> **The task**:
Every line from the one holding "Baby Changing Bag" through the one holding "Scotland Map on" in the data below must be returned exactly, both ends included, with pictures left out and nothing else added.

===============

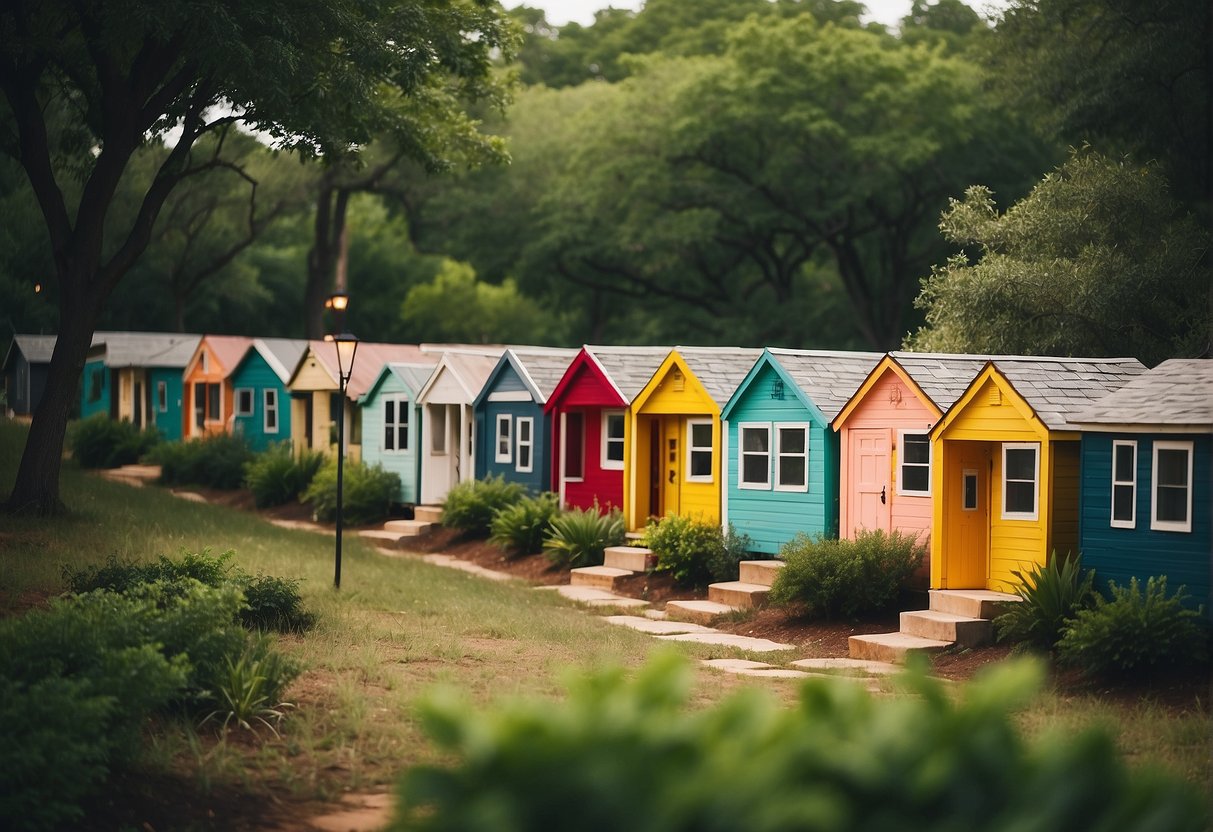 A cluster of colorful tiny homes nestled among lush green trees in an Austin, Texas community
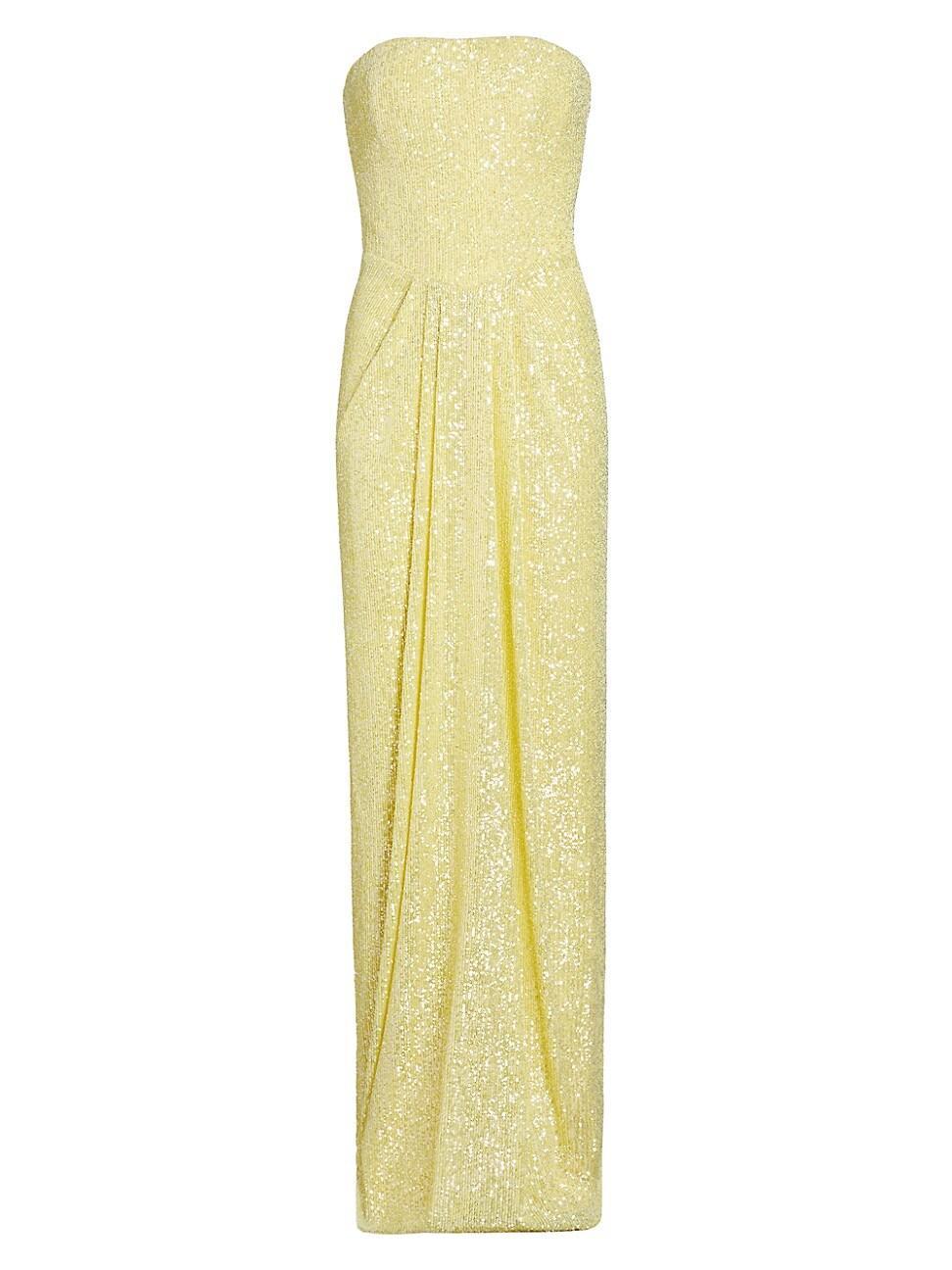Womens Sequined Strapless Column Gown Product Image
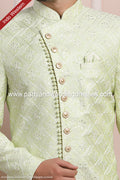 Designer Pista Green/Cream Color Art Silk Mens Indo Western PAWDAC1710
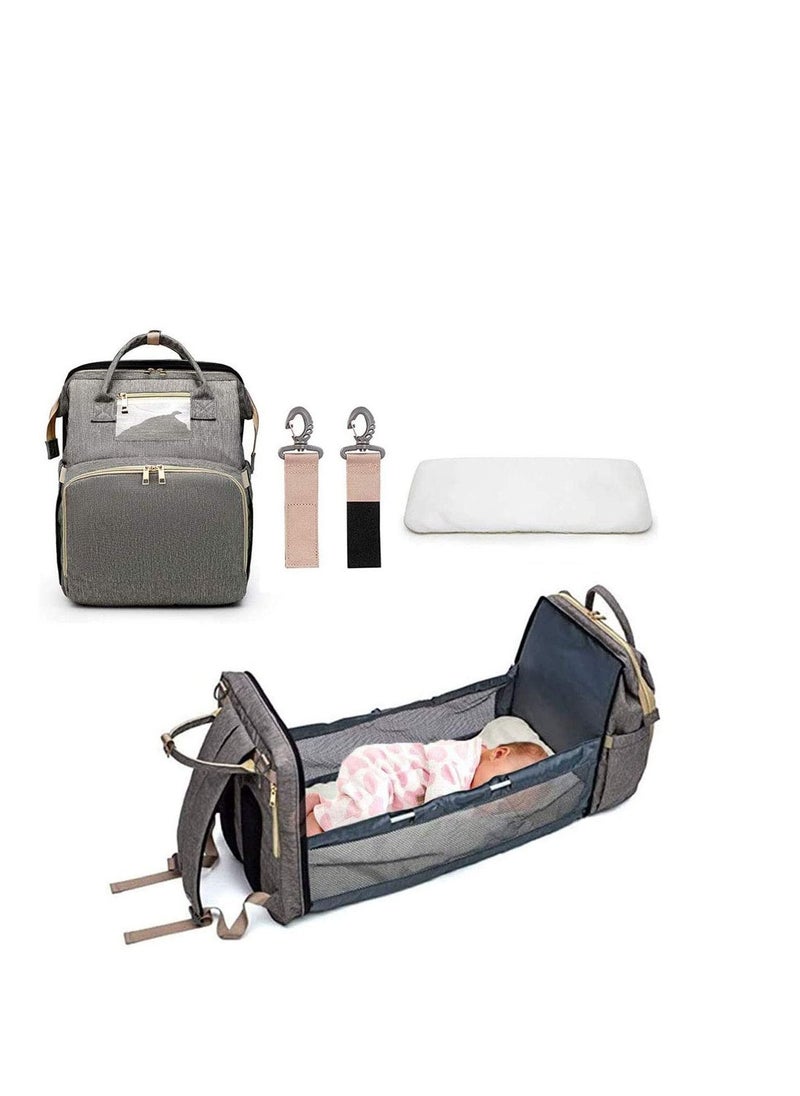 Baby Changing Bag Backpack Waterproof Multi-Function Diaper with Mat & Stroller Straps Large Capacity Back Pack Nappy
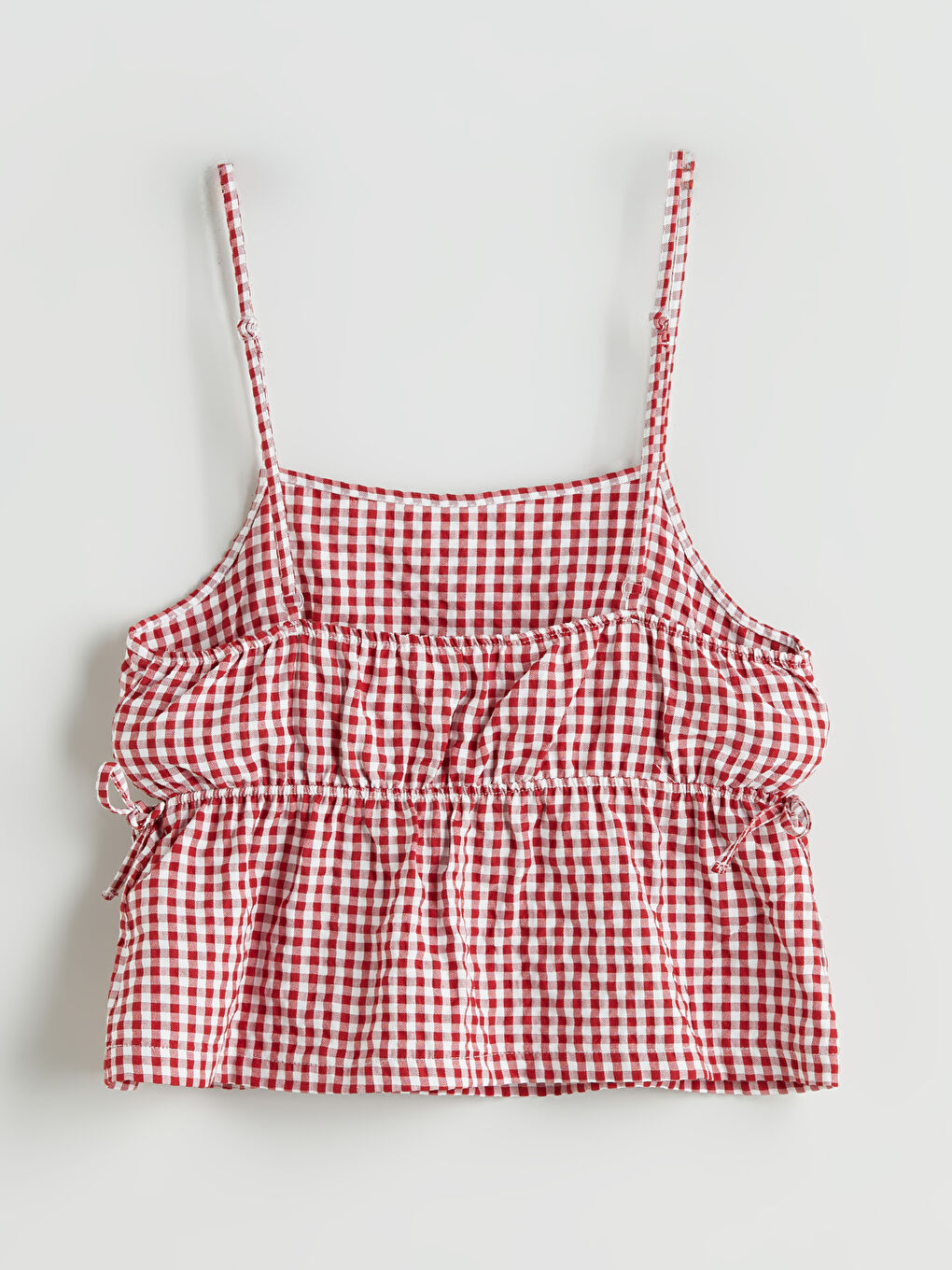 Square Collar Plaid Strappy Women's Pyjama Set-14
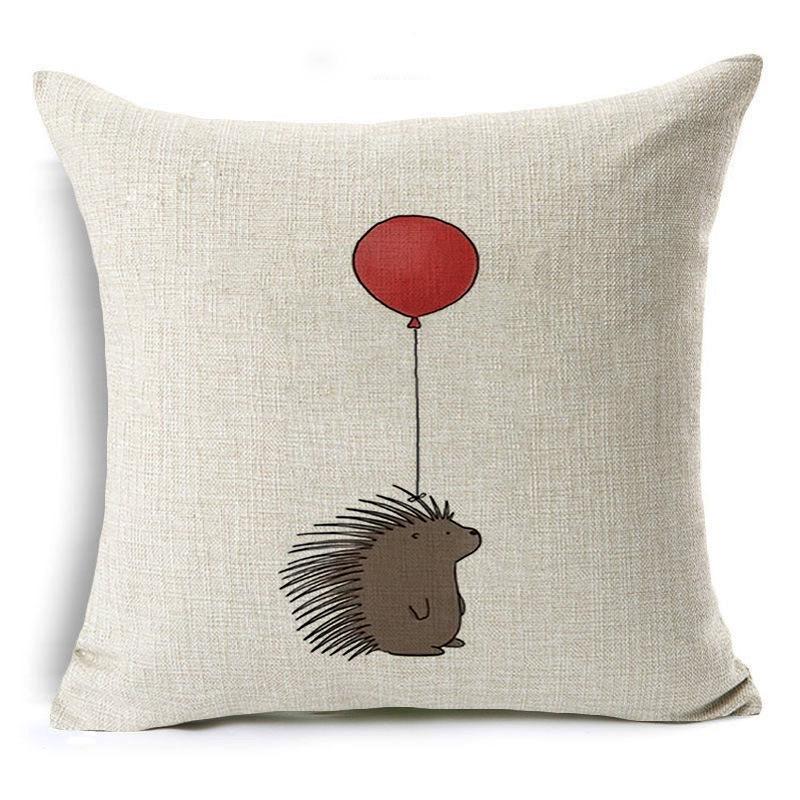 

Современная минималистичная льняная наволочка с рисунком животного из воздушных шаров, слон, еж, жираф 45*45cm
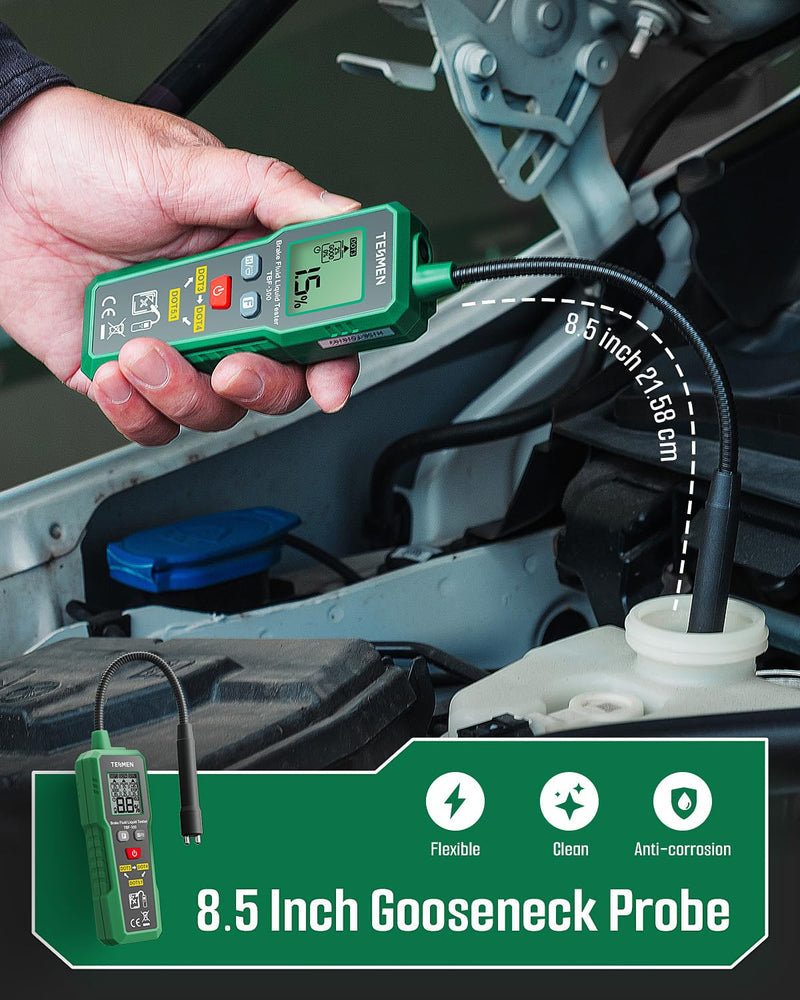 TESMEN TBF-300 Brake Fluid Tester with 8.5-Inch Corrosion Resistance Gooseneck Probe, Testing for DOT3, DOT4, DOT5.1, Brake Fluid Tester Pen with Light, Data Hold, Backlight Alarm for Auto Care-Green SMALL Green 1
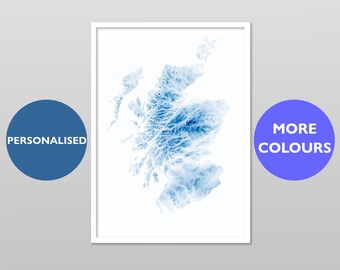 Scotland Map on Archival Paper. Scottish Poster Gift. Several Colours, Personalisation Available.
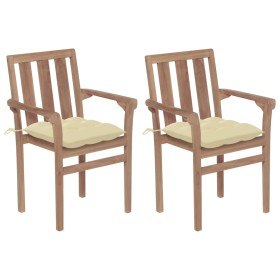 Garden chairs 2 units teak wood with cream cushions by vidaXL, Garden chairs - Ref: Foro24-3062225, Price: 239,10 €, Discount: %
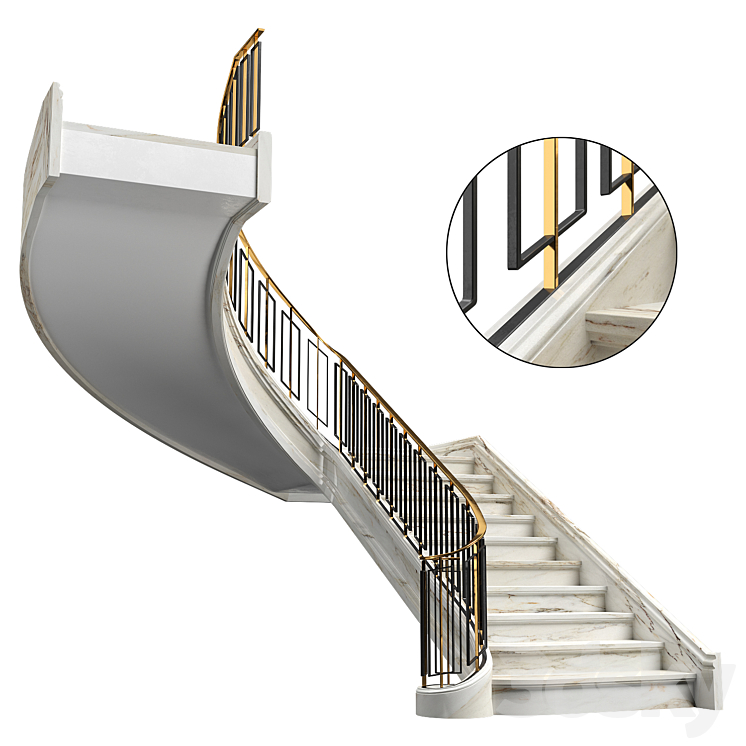 Neoclassical staircase 3D Model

===============

> **Solution to the exercise**:
 Baby Changing Bag Backpack Waterproof Multi-Function Diaper with Mat & Stroller Straps Large Capacity Back Pack Nappy
 Square Collar Plaid Strappy Women's Pyjama Set-14

Современная минималистичная льняная наволочка с рисунком животного из воздушных шаров, слон, еж, жираф 45*45cm
 TESMEN TBF-300 Brake Fluid Tester with 8.5-Inch Corrosion Resistance Gooseneck Probe, Testing for DOT3, DOT4, DOT5.1, Brake Fluid Tester Pen with Light, Data Hold, Backlight Alarm for Auto Care-Green SMALL Green 1
 Scotland Map on Archival Paper. Scottish Poster Gift. Several Colours, Personalisation Available.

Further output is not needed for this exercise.